Having achieved two all-important Olympic standards in the US last month, Jade Nicholls is now one step closer to securing her place on Team GB. We announced our sponsorship of Jade in March and are very pleased to see all of her hard work paying off.
In this special guest post, Jade discusses the positive and negative coverage of the Olympics, her own experiences with journalists and gives her perspective on how the games will impact the public.
The Olympics has created a buzz in the UK but, as with most things, there are sceptics.
How typically English of us to be pessimistic about something so exciting! It’s much easier to criticise the government for everything they’ve done ‘wrong’ than it is to stand up and praise them for their focus on the Olympics.

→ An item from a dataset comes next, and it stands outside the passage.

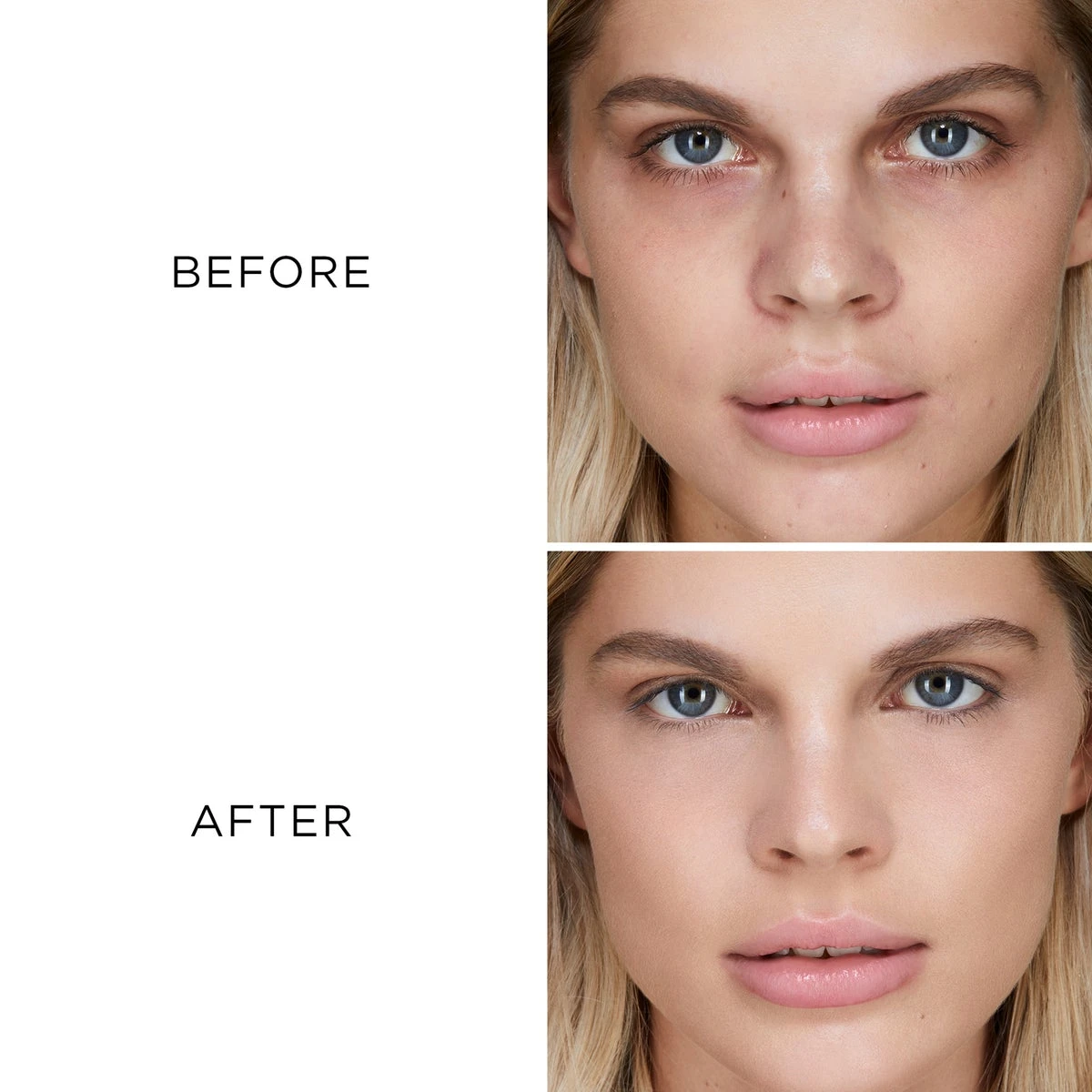 Vanish Airbrush Concealer 14 Vanish Airbrush Concealer - Image 12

I believe some parts of the UK media tend to take a negative angle by default and then invite the public to join them.
UK athletes are often perceived as underachievers because of old tennis and football stereotypes, but we actually have a number of Olympic and world champions among us. Positive press attention on a small number of well-known athletes like Jessica Ennis really spurs me on – I use it as fuel to motivate me.

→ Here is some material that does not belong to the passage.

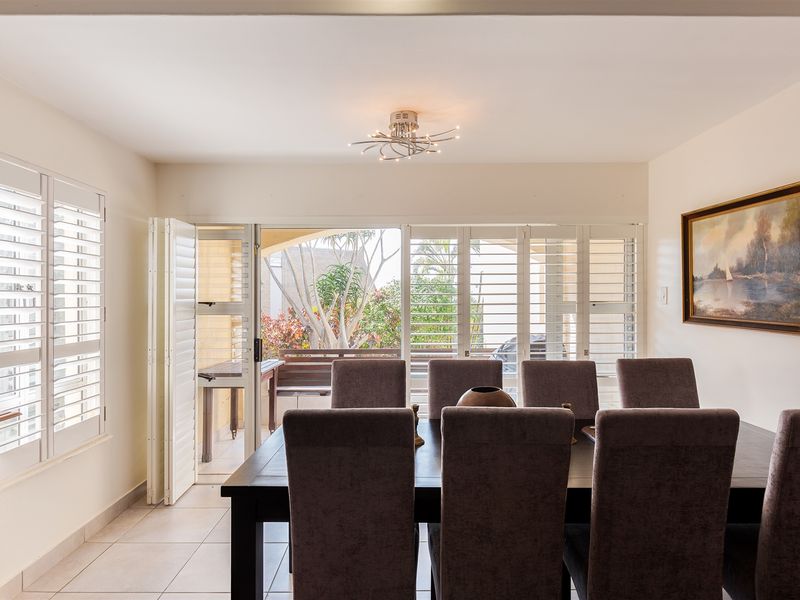 Having that feeling like you are always on holiday. - Photo 10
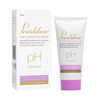 Pearldew Baby Diaper Rash Cream 50 Gm | With Calendula & Witch Hazel (Pack Of 4)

I think the only press that have been positive towards the Olympics throughout are the sports reporters, as well as many local news reporters. In my experience, Crawley News and Observer have been very supportive, and seem to want to know about my achievements. They don’t steer questions in a way that encourages negativity, but rather offer Joe Public the chance to learn about the local athletes that are either aiming to get to the Games or those that are potential medallists.
The press has the power to rally public feeling for big upcoming events. However, there is a big difference in the way royal events (such as the Royal Wedding and the Queen’s Jubilee) and the Olympics have been portrayed. The Olympics is a much more inclusive event, and as a result, I believe it gives both the public and the press more freedom to say what they really think. The government has much more involvement in the Games, and as money spent on the Olympics is from the public purse, some people were always going to oppose the Olympics coming to London. It becomes a political issue.
However, thousands of people will be inspired by the Games. Kids will feel motivated to take up sport after watching the Olympics, and that will make it all worthwhile. Those kinds of things are priceless. I think it’s an exceptionally proud time to be British – hopefully in the end the press will too.